- The PM KUSUM subsidy = central share (CFA) + state share + farmer share.
- There is no single national percentage — the split changes by component, state and category.
- A common framing for a standalone pump is ~30% central / 30% state / 40% farmer (estimate, verify).
- NE and special-category states often get a higher central share, up to ~50% (estimate, verify).
- Always confirm the live slab with the state nodal agency (SNA), the latest MNRE order or the open tender.
People ask one question about the PM KUSUM subsidy: "how much do I get?" The honest answer is that there is no one number. The PM-KUSUM subsidy is a structure — a central share, a state share and a farmer share — and the structure is what you need to understand. Once you know the parts, any state slab makes sense.
What the PM-KUSUM subsidy actually is
The PM-KUSUM subsidy is government money that lowers the cost of a solar pump or a solar plant for a farmer. It is not a cash handout. Instead, it pays a part of the project cost so the farmer pays less out of pocket. The rest comes from the farmer, often through a bank loan.

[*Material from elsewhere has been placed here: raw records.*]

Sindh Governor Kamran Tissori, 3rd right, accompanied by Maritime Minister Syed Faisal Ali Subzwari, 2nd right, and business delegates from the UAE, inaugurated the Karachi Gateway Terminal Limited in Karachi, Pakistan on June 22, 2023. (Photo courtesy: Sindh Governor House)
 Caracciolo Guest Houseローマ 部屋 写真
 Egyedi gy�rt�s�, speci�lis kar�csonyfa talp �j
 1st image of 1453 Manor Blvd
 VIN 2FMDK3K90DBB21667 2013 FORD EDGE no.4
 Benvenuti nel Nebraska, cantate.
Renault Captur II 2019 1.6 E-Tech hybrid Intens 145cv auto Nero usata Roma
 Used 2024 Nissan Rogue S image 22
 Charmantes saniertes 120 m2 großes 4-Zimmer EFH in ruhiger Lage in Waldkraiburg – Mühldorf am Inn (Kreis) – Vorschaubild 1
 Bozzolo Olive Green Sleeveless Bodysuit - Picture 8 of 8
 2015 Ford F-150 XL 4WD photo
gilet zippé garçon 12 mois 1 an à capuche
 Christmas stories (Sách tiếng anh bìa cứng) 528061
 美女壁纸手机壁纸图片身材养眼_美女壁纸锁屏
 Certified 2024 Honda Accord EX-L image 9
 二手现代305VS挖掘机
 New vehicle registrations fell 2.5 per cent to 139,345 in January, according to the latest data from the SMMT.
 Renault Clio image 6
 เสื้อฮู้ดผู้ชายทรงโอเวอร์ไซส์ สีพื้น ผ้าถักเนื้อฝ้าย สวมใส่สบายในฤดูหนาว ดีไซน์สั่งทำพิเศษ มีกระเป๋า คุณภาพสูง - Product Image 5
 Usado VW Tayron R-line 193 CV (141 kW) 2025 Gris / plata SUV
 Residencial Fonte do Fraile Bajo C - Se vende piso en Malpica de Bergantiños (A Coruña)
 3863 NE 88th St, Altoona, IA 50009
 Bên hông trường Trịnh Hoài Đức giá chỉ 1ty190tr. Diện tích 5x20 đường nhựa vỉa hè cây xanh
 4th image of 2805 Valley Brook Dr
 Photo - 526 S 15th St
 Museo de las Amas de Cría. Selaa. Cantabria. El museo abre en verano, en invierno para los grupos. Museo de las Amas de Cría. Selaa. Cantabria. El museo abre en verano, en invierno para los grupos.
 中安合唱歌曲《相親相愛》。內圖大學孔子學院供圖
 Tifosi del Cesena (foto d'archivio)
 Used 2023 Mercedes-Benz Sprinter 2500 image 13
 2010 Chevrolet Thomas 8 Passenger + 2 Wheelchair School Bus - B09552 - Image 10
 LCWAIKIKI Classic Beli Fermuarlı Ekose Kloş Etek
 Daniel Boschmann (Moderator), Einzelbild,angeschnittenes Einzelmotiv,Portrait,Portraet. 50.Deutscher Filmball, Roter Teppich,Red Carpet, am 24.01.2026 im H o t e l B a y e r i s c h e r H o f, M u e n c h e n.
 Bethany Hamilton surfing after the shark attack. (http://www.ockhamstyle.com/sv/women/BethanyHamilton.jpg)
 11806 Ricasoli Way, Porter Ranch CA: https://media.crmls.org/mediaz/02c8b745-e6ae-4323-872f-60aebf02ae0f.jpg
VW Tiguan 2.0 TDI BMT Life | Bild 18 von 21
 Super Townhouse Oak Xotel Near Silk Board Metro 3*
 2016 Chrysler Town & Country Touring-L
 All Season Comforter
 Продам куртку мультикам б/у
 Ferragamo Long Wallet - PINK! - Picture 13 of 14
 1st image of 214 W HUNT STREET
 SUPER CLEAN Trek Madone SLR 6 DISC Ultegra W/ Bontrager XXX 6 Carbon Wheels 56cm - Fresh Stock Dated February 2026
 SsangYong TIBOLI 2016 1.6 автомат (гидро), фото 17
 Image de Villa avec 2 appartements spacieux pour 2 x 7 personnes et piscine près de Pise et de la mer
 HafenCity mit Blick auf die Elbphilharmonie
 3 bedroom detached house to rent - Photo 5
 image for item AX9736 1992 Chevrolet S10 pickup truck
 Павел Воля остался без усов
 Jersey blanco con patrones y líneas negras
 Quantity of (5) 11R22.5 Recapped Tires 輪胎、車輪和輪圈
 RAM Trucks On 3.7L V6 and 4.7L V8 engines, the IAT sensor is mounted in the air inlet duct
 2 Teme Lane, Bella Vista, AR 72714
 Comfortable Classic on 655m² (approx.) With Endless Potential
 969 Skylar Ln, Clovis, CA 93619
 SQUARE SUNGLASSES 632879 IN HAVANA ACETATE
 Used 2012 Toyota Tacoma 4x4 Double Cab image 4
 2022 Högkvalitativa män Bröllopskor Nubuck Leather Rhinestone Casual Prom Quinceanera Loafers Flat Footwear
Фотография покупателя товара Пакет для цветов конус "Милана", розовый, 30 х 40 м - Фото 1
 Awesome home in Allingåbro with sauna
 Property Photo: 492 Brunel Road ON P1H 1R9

PM-KUSUM runs in three components, called A, B and C. Component A is for land-mounted solar plants. Component B is for standalone off-grid solar pumps. Component C is for solarising pumps that are already on the grid, and it splits into C1 (one pump at a time) and C2 (a whole feeder at once). Each component funds something different, so each one shares the cost differently.
The cost the subsidy is based on is not a free-for-all. MNRE sets a benchmark cost for each pump size, or the cost is fixed by the lowest bid (L1) in a state tender. The subsidy percentages then apply to that benchmark or L1 cost — not to whatever a vendor wants to charge.
CFA, state share and farmer share — the three parts
The PM-KUSUM subsidy is built from three shares that add up to the full project cost. Knowing what each one means is the key to reading any state slab.
Central financial assistance (CFA)
Central financial assistance (CFA) in PM-KUSUM is the part the central government pays through MNRE. It is the same idea as a central grant. The central financial assistance is usually written as a percentage of the benchmark or L1 cost. The exact percentage depends on the component and the state category, so it is not fixed for the whole country.
State share
The state share is the part the state government pays, usually through its state nodal agency. Many states pay the standard share set in the scheme. Some states go further and stack extra subsidy on top, so their farmers pay even less. This is why two farmers in two states can pay very different amounts for the same pump.
Farmer share
The farmer share is what is left after the central and state shares are taken out. The farmer pays this part, often as a mix of their own money and a bank loan. In feeder-level solarisation, the farmer share can be close to zero, because the project is funded differently. Treat every share as a figure to verify, not a promise.
How the split changes by component (A, B, C1, C2)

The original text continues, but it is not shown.